Hello and welcome.. Your Dad's set is nice, and it's one of my favorite engines. I have 3 312's, and they are great running engines.....Your 302 is one of the best little engines out there, in my opinion.. I think I have around 20 or so of them. Before you run it, make sure you lightly oil it, and put smoke fluid in the smoke stack. You don't want to run it dry, you'll burn it up. The little red Docksider looks to be a home-made, or kit-bashed unit...:appl:


----------



## longbow57ca (Oct 26, 2015)

Hello, Wow what a nice set of American Flyer trains you have there and nice #18B transformer to run your train with. Those American Flyer trains will last you a long time. Your Father had a good eye American Flyer trains. I hope you and your family enjoy running them. Thanks longbow57ca.


----------



## gunrunnerjohn (Nov 10, 2010)

Welcome to the forum, you started with a bang, nice collection!


----------



## dicgolfer72 (Dec 4, 2015)

flyernut said:


> Hello and welcome.. Your Dad's set is nice, and it's one of my favorite engines. I have 3 312's, and they are great running engines.....Your 302 is one of the best little engines out there, in my opinion.. I think I have around 20 or so of them. Before you run it, make sure you lightly oil it, and put smoke fluid in the smoke stack. You don't want to run it dry, you'll burn it up. The little red Docksider looks to be a home-made, or kit-bashed unit...:appl:




I bought the little red docksider engine from a local train shop NIB(probably paid to much at $100) 
I bought it since I snagged the red new heaven passenger cars at a thrift store and
they had been converted from link couplers to knuckle couplers
so I needed an engine to run them since the 302 is link couplers

the little red 2013 docksider is a pretty impressive little engine it pulls the heavy passenger cars without any signs of heat or slow down and its a fast little sucker
the only thing I don't like about it is the smoke is kinda week 

I just need to find a red new heaven operating mail car and caboose to finish of that set (did they make a red version of the royal blue engine that would be sweet with the red new heaven passenger cars)
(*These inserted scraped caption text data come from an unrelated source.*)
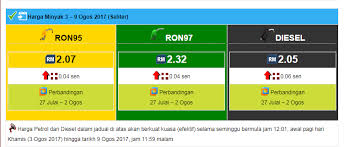 Harga minyak bulan ogos 2015. Kakcik Seroja Harga Minyak Naik Lagi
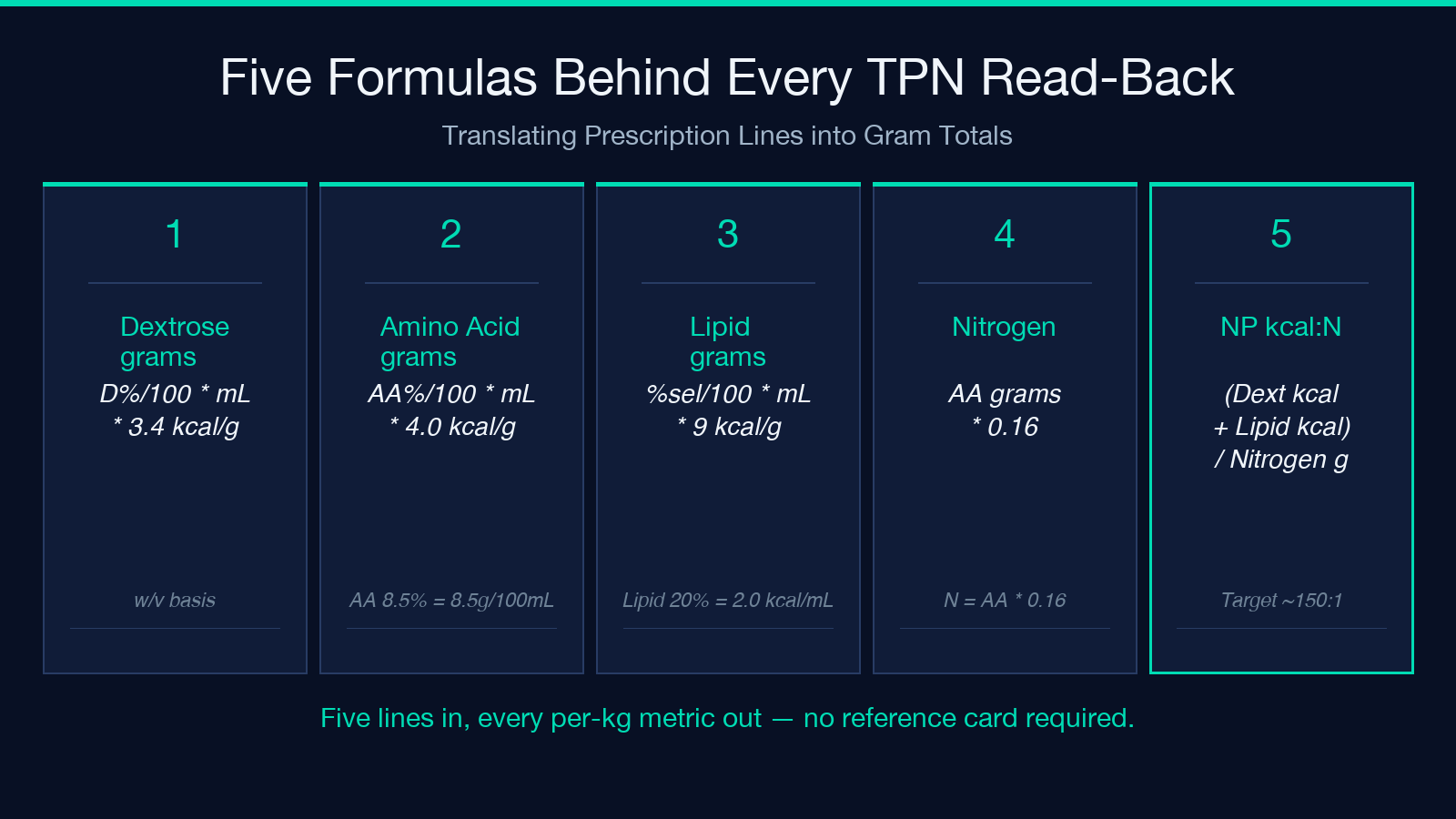 Five formulas behind every TPN read-back: dextrose, amino acid, lipid, nitrogen, NP kcal:N ratio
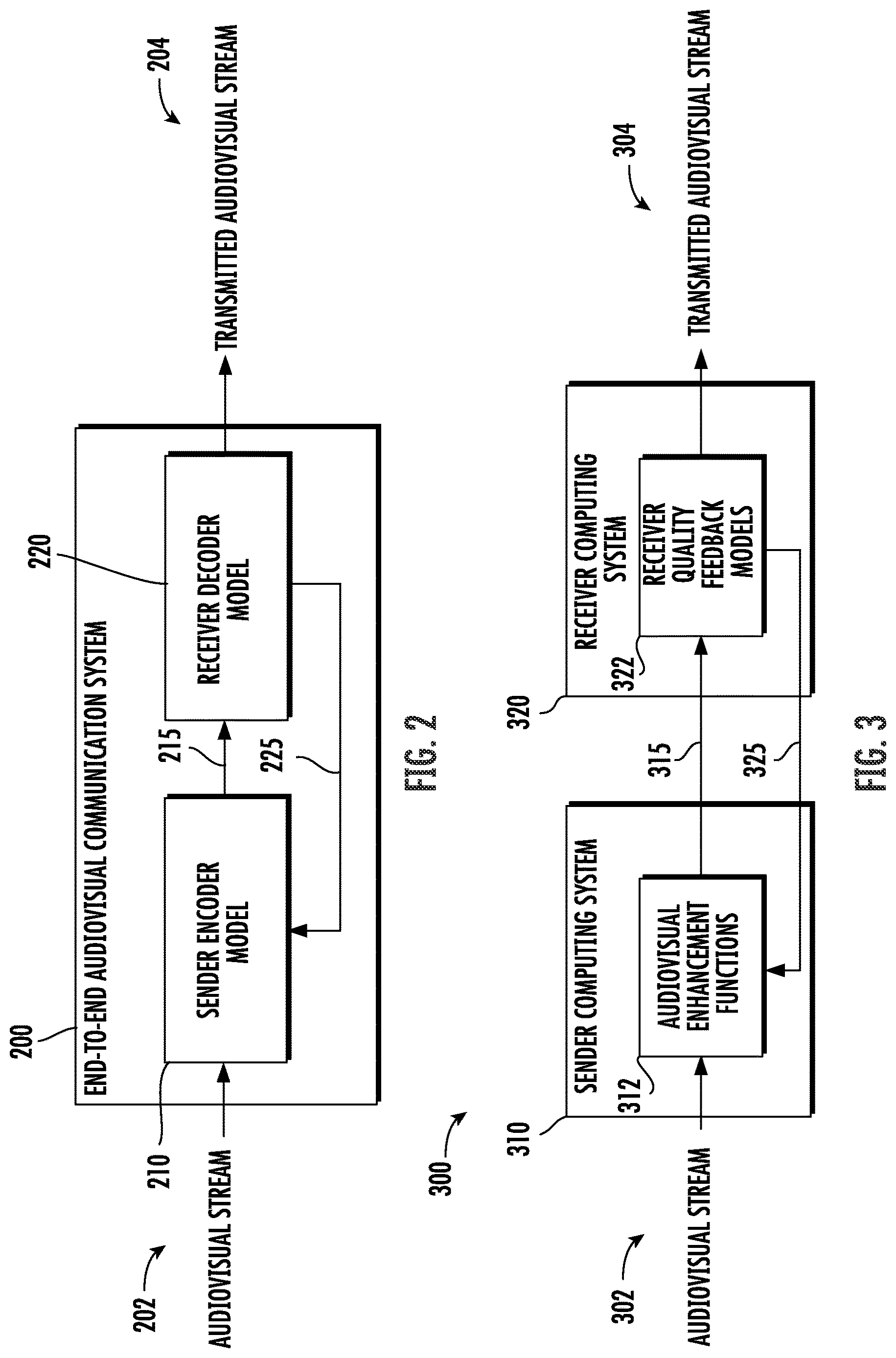 Patent US12621409 Figure 4 – Multi-party optimization for audiovisual enhancement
the 302 engine and rolling stock on it was a mix and match set also
I got the engine from an antique store for 20$ the smoke has never worked on it pretty sure its burnt out 
then picked up the caboose and gondola on ebay as a lot for 15$
and then bought the coal dump car at another local train store for $40

the little 302 is a great strong runner but the stupid front 4 wheels keep derailing 
according to most of the pics I see it did not have a spring on the set

but the 313 and 312 in my dads set do have a spring and they do not have this problem 
should I source a spring


that was all last year


----------



## dicgolfer72 (Dec 4, 2015)

moving on to this year 

last week I unpacked everything 
only to find out that I was using my dads track for the second train and only had enough track in my boxes for one oval

soo off to the train store and bought 4 37 inch straight track sections 
and 8 corners 
I cut one of the 37 inch straight tracks down to 12 inch sections 

so now I have a large oval 
setup with brand new track 
I used a 12 inch section to extend the curve and then full 37 inch section for the straight away 
man does new track make a difference on the trains performance 
lol

my inner track is all vintage original track 
its 
an oval with 12 curved sections and 6 straight 
even after 2 days of track cleaning you can still tell the difference in performance 

after getting it all setup cars and engines lubed and cleaned 

I find out one of my AF 8b transformers will not go all the way into shut down when at 0
so it made trying to reverse the trains a total PIA 

so yesterday I ran out and gave an arm and a leg for that 18B at a local train store (totally worth it though lol) paid a whopping 130$ (if I would have waited there is a 18b on ebay now at 35$)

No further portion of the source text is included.